- Task description
Your job with the data below: print everything from the line that holds "a pile of towels" down to the line that holds "Küçük Asyalı çocuk", ends included, exactly, and nothing else.

- The data
== Segment start ==
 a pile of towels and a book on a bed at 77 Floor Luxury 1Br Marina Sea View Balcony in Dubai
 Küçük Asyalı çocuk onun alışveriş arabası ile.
== Segment end ==
== Segment start ==
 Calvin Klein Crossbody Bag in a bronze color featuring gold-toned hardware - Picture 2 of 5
== Segment end ==
- Answer section
 a pile of towels and a book on a bed at 77 Floor Luxury 1Br Marina Sea View Balcony in Dubai
 Küçük Asyalı çocuk onun alışveriş arabası ile.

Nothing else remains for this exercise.